Native American Studies/ American History

 

“Columbus arrived in the New World in 1492, but America has yet to be discovered.” Jack Weatherford’s provocative book “Indian Givers: How the Indians of the Americas Transformed the World” seeks to change that.


He makes the reader aware that the average American today knows more about ancient Egypt “than we know about the pyramid builders of the Mississippi.”


It comes as a bit of a surprise to realize the truth of his statement, but even here in Lake County where the Pomo have lived for 10,000 years, most folks in Lake County probably could tell you more about the pyramids of ancient Egypt than they could tell you about the Pomo people.


Granted, the Pomo did not build pyramids, but they did build a society that thrived for thousands of years – here in the same place we are living today – not thousands of miles away. As a young nation, not even 400 years old, we have much to learn from our elders.


“Indian Givers” explores what modern society has learned from the native peoples throughout the Americas, even if we have not given them full (or any) credit for the original knowledge.


Some of this will not come as any surprise to the reader – particularly in the area of agriculture. It is well known that many new foods were introduced to the earliest European settlers by the natives, corn and potatoes perhaps being the most well known. The immense diversity of foods may come as a shock, however, as well as their impact, not just on the pilgrims, but around the globe.

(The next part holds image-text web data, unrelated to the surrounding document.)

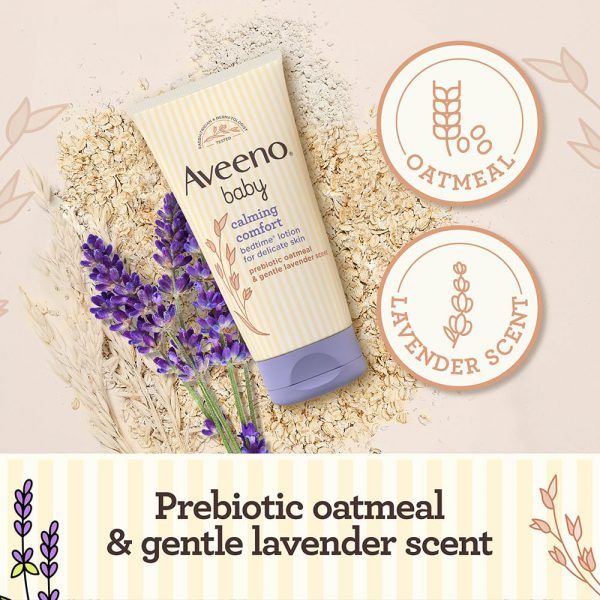 Aveeno BABY Calming Comfort Bedtime Lotion 150ml - Image 4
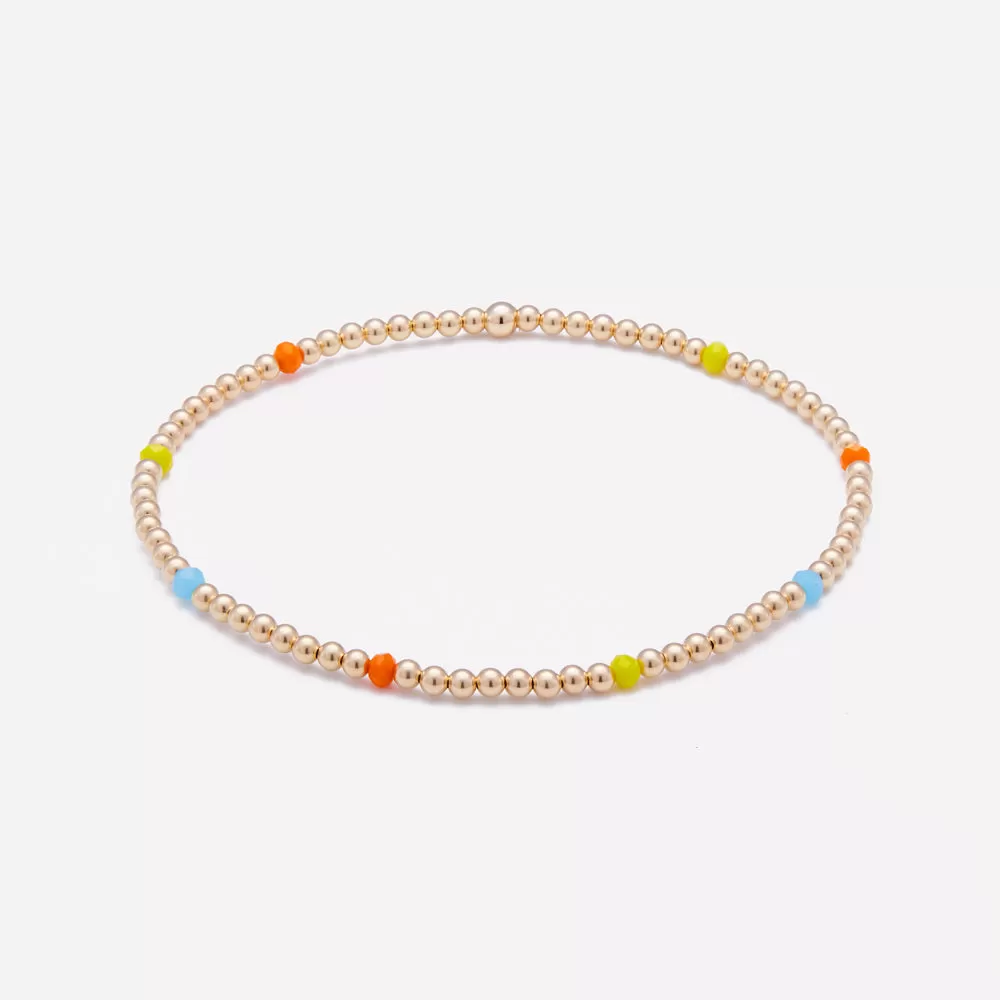 ELSA RAINBOW ANKLET 3MM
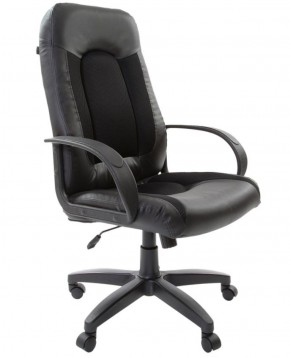 Кресло офисное BRABIX "Strike EX-525" (экокожа черная, ткань черная) 531381 в Менделеевске - mendeleevsk.ok-mebel.com | фото
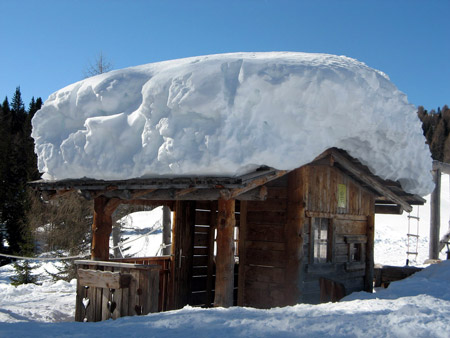 Troppa neve sul tetto?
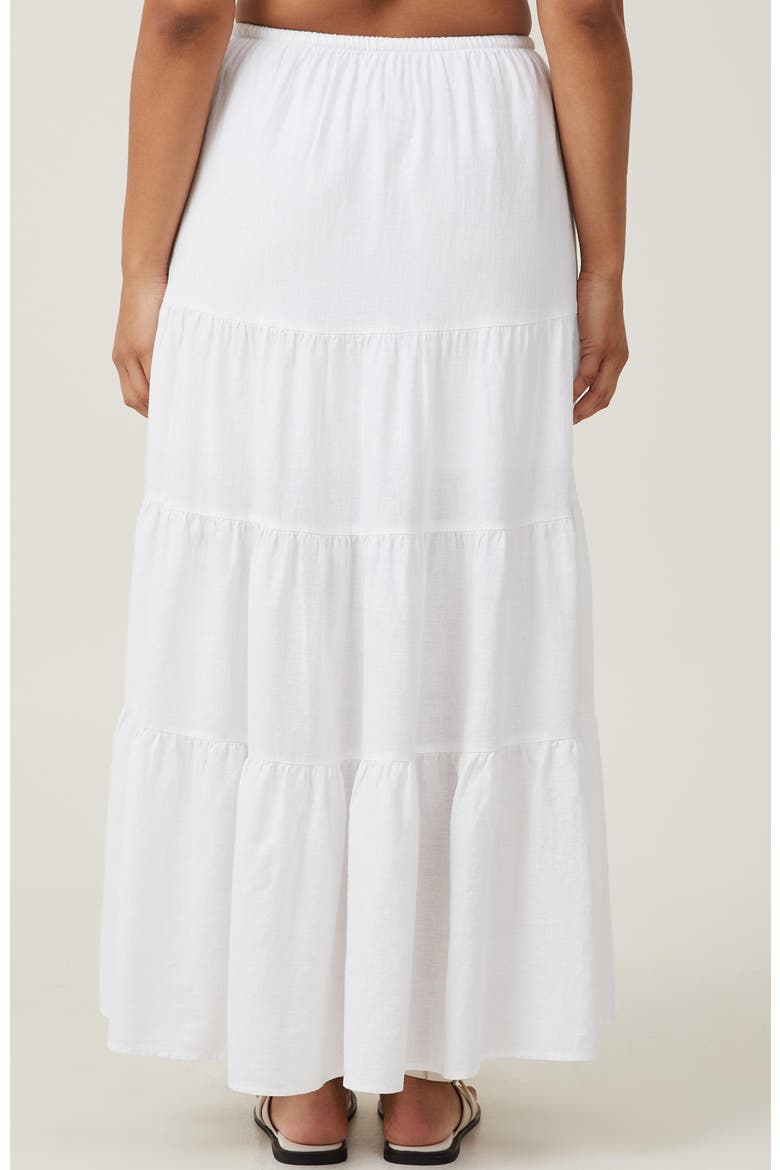 Women's Haven Tiered Maxi Skirt, Alternate, color, WHITE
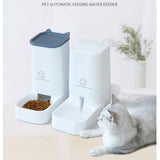 Pet Supplies 3.8L Large Capacity Pet Dog Cat Automatic Feeder Detachable Bowl Water Dispenser Food Feeding Device For Cat Dog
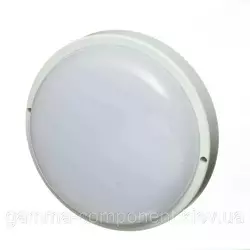 Світлодіодний світильник накладної ЖКГ 8Вт, круглий, холодний білий, IP65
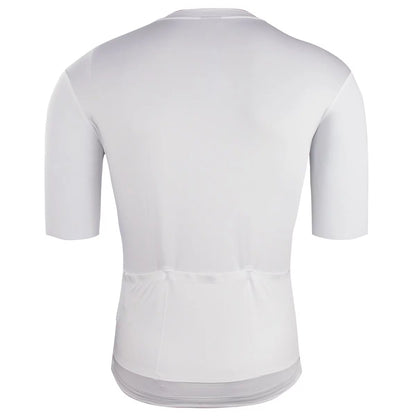Baisky Men's Cycling Short Jersey | Purity II White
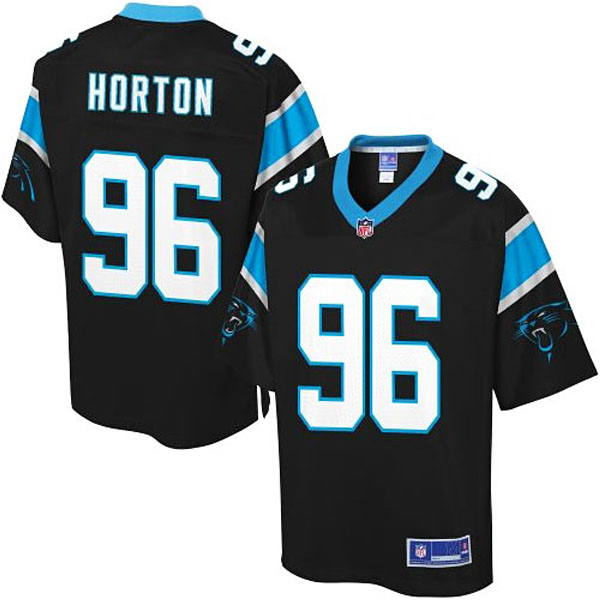 Pro Line Carolina Panthers #96 Wes Horton Team Color Jersey Pro Line Carolina Panthers #96 Wes Horton Team Color Jersey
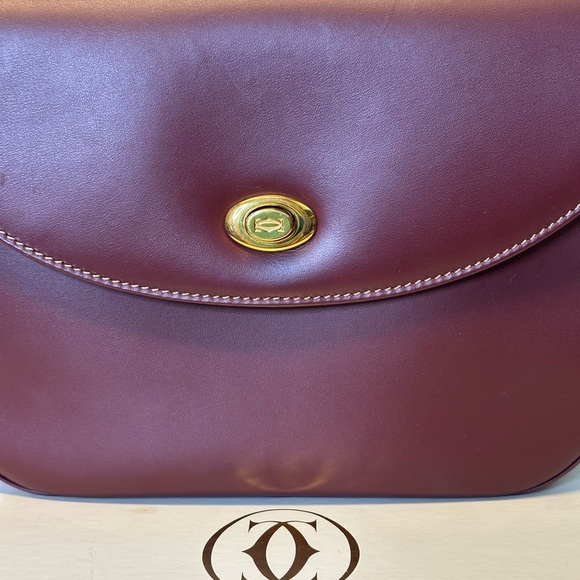 Cartier Deep Burgundy Shoulder Bag - Picture 3 of 15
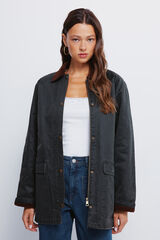 Springfield Parka encerada verde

In recent years there has been a resurgence of using herbal remedies but the surgical skills of the Aztecs far surpassed simply knowing which bark made good aspirin or could be used to prevent malaria. Weatherford claims that the Aztecs’ obsidian knives would equal the surgical steel of today and is only bettered by the precision of lasers.


The Aztecs knew how to perform a variety of surgeries, from the mundane to brain surgery, although Weatherford acknowledges they most likely had such advanced knowledge because they practiced human sacrifice.


Perhaps the most surprising knowledge Weatherford maintains we gained from the native peoples is in the arena of politics. He argues that the fledgling American government bore more resemblance to the League of the Iroquois than the Greek Senate or English House of Lords and that the Founding Fathers learned the practical potential of liberty from a variety of tribal communities.


Going a step further Weatherford proposes that the first person to suggest that the colonies form a united body of some sort was the Iroquois chief Canassatego in July of 1744, 32 years before the Declaration of Independence.


The scholarship in “Indian Givers” is well documented but not ponderous as to detract form the story telling style of Weatherford. Overall it's an excellent read, and as we prepare to celebrate Thanksgiving, it may just inspire you to give thanks for the wealth of knowledge we have gained from the Aztecs, Iroquois and countless other tribal communities whose histories and knowledge ought be remembered.


Geri Williams is a local book fancier.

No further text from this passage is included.